Mucho interés de avance en la Comisión de Seguimiento Tripartita para los ERTEs tras el 30 de junio

Redacción
Arrancó este miércoles la Comisión de Seguimiento Tripartita Laboral para definir las medidas extraordinarias vinculadas a los ERTE tras el 30 de junio. En la primera sesión se ha elaborado la hoja de ruta de los trabajos que se van a desarrollar.La Comisión se reunirá los miércoles, con carácter semanal, hasta el 24 de junio.· La primera sesión se ha desarrollado "en un clima de mucha cordialidad y de mucho interés por avanzar", según ha explicado el secretario de Estado de Empleo.
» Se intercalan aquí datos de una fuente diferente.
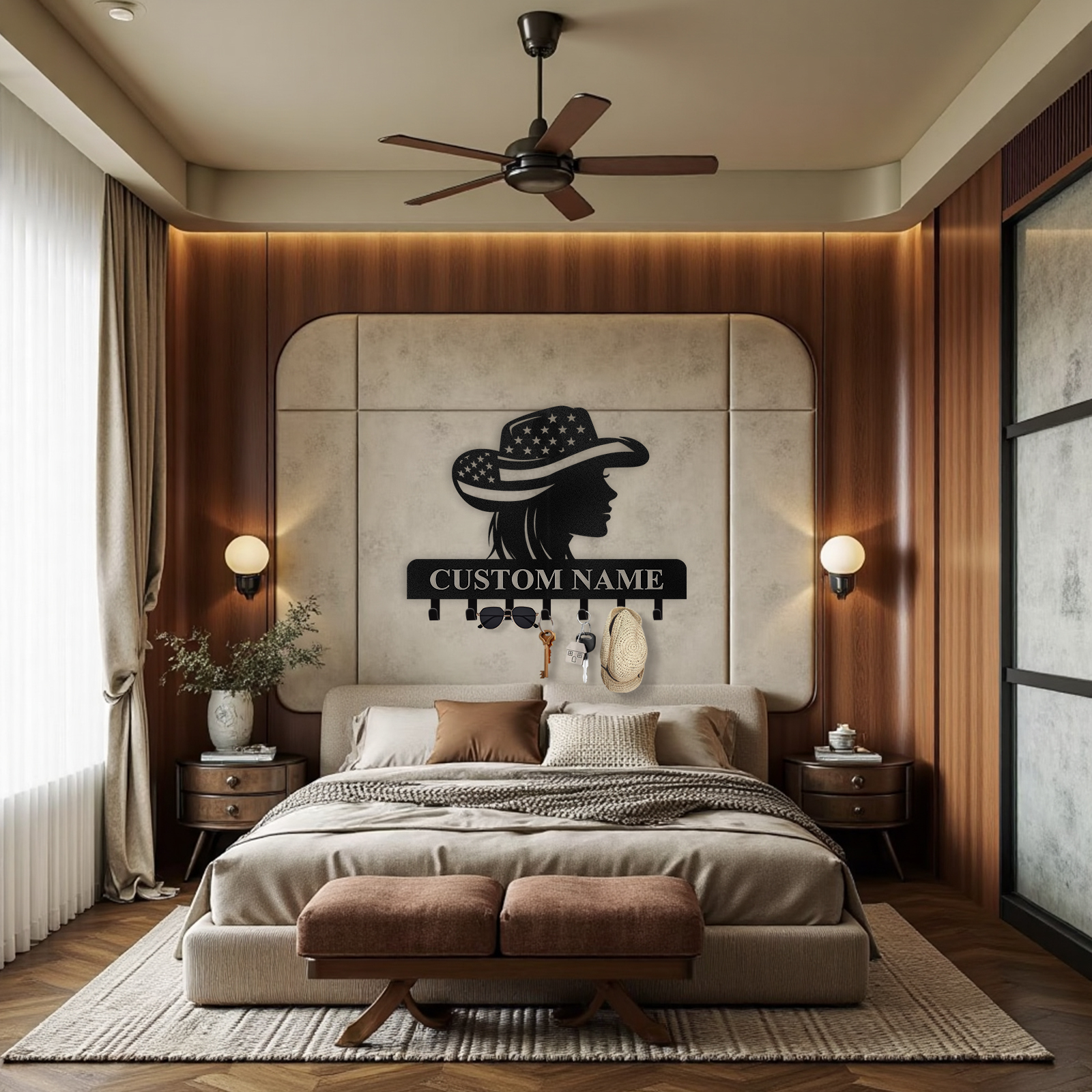 Personalized Cowgirl Metal Coat Hooks, Key Holder Wall Mount, Clothes Hat Key Rack Organizer, Western Wall Art, Key Hanger Wall Decor for Living Room Bedroom Kitchen Entryway Color06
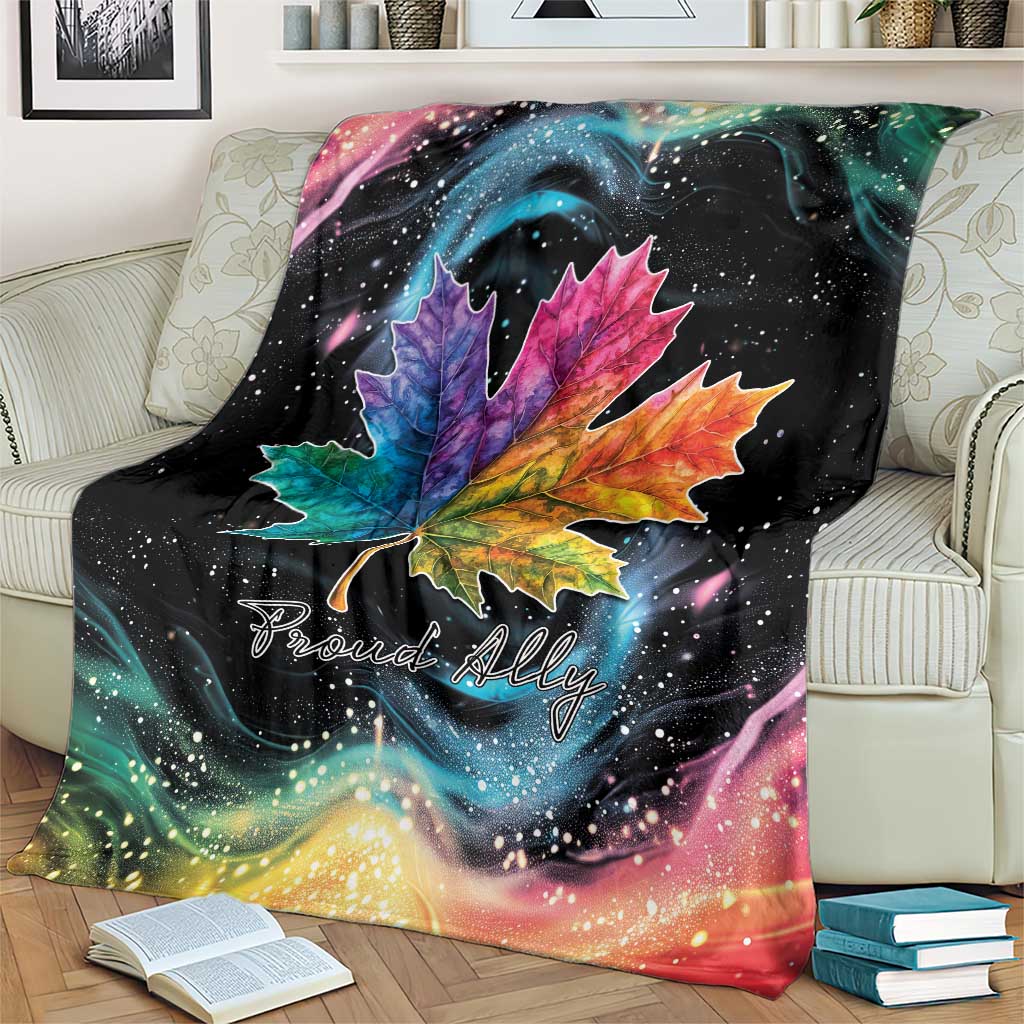 Rainbow Maple Leaf Blanket Canada Pride Show Your Colors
Este inicio de la Comisión de Seguimiento suscitó que el Consejo General de los Colegios de Gestores Administrativos estimara publicamente que más de 900.000 trabajadores incluidos en un expediente de regulación temporal de empleo (ERTE) aun no cobran la prestación por desempleo a mediados de mayo, por lo que "muchos llevan desde el mes de marzo sin ingresar ni un solo euro". Declaración registrada horas despues de que el presidente del Gobierno dijera en el Congreso que el sistema de protección mantiene las rentas mensuales de 7 millones de personas, el 31% de la población activa total. Pero el Ejecutivo negó rotundamente el dato: “Se han tramitado todos los ERTE y ahora estamos en la fase de subsanar errores”, dijeron desde el Ministerio de Trabajo. “Los ERTE que no se ha pagado es porque se ha detectado algún fallo. Hay mucha casuística: errores en el número de cuenta bancaria, el número del DNI, en el formulario…”, etc.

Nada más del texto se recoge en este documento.